━━ Provided entries

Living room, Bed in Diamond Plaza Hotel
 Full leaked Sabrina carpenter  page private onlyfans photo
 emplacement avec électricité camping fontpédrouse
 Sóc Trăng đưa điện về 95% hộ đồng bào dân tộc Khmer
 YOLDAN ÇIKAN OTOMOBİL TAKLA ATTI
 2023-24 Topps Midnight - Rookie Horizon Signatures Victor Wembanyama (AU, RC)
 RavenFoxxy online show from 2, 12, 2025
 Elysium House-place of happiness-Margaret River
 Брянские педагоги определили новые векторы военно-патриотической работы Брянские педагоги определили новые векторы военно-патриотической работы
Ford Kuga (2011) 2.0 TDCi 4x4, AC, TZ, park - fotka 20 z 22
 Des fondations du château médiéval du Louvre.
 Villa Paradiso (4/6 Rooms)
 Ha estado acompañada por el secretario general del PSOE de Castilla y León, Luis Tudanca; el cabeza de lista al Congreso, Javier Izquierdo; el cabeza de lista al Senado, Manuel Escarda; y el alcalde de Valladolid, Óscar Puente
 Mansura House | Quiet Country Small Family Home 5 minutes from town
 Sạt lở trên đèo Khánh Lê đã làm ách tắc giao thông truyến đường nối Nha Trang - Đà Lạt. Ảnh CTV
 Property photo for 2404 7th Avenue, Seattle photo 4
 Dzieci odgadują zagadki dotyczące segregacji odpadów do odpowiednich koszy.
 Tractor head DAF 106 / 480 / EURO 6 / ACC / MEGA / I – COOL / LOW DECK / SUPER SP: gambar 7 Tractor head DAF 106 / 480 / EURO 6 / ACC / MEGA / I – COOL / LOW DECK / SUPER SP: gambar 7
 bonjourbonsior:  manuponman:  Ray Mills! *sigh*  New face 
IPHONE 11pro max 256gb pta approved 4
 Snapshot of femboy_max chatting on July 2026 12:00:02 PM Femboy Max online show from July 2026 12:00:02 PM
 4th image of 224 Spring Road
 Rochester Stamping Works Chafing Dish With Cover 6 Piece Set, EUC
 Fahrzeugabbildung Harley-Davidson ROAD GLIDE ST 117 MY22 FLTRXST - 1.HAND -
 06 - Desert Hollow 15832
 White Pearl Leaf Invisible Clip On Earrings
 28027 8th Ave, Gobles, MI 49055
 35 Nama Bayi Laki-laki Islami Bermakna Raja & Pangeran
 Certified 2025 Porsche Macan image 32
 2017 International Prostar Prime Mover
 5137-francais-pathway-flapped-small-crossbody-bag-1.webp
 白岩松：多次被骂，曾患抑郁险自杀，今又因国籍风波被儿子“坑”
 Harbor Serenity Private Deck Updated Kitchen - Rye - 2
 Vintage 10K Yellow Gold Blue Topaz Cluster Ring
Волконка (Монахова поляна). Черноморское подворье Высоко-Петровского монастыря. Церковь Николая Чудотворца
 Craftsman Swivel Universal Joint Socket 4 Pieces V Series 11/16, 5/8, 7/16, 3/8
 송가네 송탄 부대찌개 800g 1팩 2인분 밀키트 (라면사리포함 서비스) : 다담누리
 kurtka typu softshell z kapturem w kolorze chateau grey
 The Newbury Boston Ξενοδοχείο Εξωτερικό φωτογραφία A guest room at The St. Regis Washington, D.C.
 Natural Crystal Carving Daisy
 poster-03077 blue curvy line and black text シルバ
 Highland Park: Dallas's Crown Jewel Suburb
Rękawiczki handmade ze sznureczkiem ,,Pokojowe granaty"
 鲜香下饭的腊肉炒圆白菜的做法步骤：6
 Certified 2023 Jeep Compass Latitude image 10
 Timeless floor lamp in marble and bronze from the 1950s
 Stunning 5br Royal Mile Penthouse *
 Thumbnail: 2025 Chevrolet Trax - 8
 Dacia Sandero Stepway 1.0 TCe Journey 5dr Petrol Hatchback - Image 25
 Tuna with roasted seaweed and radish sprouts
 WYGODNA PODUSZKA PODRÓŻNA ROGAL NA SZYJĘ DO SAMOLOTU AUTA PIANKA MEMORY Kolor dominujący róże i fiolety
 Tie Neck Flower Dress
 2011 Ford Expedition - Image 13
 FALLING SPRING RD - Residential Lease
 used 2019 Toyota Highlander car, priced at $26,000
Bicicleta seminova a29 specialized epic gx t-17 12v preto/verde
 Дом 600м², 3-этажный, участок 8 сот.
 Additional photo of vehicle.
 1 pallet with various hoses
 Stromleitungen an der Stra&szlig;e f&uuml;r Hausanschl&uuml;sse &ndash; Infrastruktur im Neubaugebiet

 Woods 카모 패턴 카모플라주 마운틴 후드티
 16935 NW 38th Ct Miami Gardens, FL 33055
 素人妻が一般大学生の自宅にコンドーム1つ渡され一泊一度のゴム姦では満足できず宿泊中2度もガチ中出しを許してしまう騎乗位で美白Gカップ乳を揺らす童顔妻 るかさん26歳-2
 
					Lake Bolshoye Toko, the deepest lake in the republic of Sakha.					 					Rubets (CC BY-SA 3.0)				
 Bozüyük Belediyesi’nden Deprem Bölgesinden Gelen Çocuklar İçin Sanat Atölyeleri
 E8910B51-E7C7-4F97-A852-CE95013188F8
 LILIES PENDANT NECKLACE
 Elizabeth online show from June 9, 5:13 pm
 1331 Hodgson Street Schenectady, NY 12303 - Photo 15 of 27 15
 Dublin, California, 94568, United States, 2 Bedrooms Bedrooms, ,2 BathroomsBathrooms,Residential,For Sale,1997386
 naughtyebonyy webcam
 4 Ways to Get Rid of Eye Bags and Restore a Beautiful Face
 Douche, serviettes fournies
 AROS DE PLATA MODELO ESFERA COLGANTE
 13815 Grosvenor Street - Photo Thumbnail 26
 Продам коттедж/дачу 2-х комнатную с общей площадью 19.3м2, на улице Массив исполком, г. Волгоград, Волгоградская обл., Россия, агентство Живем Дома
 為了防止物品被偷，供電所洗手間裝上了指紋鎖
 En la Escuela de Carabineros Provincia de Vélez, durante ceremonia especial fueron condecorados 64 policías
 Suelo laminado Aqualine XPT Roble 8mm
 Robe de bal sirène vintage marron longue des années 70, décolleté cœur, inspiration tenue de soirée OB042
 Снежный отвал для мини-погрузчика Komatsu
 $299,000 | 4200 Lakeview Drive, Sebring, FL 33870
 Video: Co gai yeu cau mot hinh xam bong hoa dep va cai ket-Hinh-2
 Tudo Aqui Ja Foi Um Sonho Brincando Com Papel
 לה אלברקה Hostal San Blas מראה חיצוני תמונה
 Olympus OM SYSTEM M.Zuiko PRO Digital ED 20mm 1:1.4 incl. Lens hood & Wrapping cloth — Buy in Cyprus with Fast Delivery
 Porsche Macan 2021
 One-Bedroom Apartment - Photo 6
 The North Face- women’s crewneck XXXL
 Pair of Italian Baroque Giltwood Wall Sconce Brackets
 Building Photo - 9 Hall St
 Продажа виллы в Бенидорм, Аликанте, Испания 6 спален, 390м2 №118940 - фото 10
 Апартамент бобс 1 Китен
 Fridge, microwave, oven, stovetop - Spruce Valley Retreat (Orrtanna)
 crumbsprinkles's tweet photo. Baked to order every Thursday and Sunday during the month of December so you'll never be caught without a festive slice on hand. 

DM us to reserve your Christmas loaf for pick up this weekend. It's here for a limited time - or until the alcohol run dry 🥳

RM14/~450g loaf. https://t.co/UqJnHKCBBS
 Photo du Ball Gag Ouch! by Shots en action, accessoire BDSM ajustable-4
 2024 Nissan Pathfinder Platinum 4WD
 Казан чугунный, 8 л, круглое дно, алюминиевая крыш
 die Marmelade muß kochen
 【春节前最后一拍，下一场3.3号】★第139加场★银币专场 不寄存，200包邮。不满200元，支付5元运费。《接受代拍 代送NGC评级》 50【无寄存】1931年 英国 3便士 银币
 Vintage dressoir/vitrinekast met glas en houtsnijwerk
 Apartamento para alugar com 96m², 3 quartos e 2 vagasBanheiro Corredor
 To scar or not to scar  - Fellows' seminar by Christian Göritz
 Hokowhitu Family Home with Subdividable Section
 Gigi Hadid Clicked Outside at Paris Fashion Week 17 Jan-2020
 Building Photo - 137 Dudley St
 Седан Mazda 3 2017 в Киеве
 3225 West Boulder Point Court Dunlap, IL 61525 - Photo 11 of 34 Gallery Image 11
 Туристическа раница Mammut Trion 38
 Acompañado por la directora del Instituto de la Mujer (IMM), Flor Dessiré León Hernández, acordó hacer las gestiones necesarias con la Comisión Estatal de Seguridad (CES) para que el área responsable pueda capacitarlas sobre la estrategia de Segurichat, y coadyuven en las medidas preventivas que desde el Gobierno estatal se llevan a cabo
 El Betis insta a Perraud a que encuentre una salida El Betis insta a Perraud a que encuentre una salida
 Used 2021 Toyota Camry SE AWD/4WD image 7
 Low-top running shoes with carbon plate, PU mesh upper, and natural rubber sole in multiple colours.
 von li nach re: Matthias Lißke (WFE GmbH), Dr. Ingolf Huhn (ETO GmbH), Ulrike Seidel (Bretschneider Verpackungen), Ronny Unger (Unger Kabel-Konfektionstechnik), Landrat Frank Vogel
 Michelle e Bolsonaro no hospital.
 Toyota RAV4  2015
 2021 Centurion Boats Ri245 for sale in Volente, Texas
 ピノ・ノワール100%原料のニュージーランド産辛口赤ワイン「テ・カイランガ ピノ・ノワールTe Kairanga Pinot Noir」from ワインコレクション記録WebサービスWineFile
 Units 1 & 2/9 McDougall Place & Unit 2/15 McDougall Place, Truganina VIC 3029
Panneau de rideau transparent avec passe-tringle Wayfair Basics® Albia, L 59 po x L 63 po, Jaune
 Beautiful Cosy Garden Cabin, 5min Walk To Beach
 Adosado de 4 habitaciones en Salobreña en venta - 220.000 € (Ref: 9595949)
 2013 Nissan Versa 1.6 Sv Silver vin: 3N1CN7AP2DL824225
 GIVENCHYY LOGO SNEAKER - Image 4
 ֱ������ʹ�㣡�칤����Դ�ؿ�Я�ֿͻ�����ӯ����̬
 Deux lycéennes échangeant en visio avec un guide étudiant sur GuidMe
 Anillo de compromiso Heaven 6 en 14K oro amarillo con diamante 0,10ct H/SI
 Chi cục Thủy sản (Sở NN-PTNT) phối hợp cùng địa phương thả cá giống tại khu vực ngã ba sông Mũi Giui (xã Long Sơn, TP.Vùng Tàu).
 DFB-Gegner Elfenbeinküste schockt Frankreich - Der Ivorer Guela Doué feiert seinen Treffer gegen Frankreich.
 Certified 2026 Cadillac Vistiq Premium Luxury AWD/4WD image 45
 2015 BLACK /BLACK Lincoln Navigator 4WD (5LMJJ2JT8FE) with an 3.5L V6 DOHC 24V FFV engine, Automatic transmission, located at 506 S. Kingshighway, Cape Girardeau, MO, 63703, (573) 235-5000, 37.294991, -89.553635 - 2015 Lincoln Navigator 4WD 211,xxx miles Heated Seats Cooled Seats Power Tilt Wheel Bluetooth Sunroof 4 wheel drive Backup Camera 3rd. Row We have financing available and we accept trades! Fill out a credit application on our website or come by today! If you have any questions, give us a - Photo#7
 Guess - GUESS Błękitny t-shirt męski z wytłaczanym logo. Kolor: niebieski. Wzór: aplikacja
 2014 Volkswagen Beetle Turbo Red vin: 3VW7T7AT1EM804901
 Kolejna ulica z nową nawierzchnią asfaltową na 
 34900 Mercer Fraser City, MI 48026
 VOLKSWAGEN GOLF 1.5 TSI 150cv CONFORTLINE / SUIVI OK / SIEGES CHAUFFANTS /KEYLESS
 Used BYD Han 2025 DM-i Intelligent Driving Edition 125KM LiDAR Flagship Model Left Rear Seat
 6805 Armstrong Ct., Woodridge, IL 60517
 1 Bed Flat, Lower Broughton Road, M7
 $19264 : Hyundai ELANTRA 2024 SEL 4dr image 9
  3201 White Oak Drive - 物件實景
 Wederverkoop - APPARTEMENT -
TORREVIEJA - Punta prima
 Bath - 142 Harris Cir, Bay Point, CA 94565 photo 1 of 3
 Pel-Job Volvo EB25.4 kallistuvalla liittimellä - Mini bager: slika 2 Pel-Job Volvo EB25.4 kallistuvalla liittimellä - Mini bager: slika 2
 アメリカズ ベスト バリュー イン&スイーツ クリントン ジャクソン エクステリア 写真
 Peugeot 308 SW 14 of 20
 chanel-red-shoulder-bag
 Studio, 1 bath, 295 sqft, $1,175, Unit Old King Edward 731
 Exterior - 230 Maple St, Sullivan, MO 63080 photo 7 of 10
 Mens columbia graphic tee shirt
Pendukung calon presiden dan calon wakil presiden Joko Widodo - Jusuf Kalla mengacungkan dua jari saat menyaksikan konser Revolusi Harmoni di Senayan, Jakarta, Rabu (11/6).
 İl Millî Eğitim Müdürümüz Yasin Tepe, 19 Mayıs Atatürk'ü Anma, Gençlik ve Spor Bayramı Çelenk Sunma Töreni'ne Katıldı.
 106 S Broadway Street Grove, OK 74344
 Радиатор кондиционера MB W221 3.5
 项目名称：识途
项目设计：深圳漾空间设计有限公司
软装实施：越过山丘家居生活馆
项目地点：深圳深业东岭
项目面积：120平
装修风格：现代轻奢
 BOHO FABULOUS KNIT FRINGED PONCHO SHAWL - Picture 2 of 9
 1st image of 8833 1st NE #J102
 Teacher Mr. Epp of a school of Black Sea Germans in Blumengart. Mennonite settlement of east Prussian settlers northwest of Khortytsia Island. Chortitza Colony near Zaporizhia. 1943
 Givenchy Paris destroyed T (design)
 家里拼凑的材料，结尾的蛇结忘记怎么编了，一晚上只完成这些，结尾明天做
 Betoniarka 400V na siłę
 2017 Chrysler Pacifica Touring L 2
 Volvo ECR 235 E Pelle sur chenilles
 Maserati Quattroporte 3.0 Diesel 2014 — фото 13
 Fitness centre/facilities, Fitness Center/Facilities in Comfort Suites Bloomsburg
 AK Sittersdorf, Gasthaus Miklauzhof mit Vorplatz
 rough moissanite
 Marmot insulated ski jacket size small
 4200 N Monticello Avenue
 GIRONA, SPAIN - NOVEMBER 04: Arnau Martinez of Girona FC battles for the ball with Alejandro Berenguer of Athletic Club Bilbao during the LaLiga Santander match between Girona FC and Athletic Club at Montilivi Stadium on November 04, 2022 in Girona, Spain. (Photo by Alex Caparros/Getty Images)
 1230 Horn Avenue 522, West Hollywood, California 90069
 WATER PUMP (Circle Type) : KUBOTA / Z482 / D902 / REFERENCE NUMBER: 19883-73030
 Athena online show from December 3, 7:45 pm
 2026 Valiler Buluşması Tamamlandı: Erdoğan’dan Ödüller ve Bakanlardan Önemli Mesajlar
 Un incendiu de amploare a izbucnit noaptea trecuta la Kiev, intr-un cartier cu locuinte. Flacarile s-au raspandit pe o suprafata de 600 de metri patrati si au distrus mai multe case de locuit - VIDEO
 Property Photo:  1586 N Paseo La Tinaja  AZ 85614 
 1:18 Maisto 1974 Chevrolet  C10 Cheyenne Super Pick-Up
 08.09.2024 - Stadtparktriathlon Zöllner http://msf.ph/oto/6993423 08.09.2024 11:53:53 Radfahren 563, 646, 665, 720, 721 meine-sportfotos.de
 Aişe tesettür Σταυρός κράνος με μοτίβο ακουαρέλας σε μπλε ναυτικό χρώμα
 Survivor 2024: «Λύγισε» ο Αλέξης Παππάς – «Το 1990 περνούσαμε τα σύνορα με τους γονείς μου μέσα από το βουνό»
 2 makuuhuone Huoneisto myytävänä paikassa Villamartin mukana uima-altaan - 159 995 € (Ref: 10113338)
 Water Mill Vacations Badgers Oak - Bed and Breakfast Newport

━━━━

Exercise directions —
Set down exactly the lines above that run from the start of the listing to the line with "Mansura House |". Leave out every later line.

Problem solution —
Living room, Bed in Diamond Plaza Hotel
 Full leaked Sabrina carpenter  page private onlyfans photo
 emplacement avec électricité camping fontpédrouse
 Sóc Trăng đưa điện về 95% hộ đồng bào dân tộc Khmer
 YOLDAN ÇIKAN OTOMOBİL TAKLA ATTI
 2023-24 Topps Midnight - Rookie Horizon Signatures Victor Wembanyama (AU, RC)
 RavenFoxxy online show from 2, 12, 2025
 Elysium House-place of happiness-Margaret River
 Брянские педагоги определили новые векторы военно-патриотической работы Брянские педагоги определили новые векторы военно-патриотической работы
Ford Kuga (2011) 2.0 TDCi 4x4, AC, TZ, park - fotka 20 z 22
 Des fondations du château médiéval du Louvre.
 Villa Paradiso (4/6 Rooms)
 Ha estado acompañada por el secretario general del PSOE de Castilla y León, Luis Tudanca; el cabeza de lista al Congreso, Javier Izquierdo; el cabeza de lista al Senado, Manuel Escarda; y el alcalde de Valladolid, Óscar Puente
 Mansura House | Quiet Country Small Family Home 5 minutes from town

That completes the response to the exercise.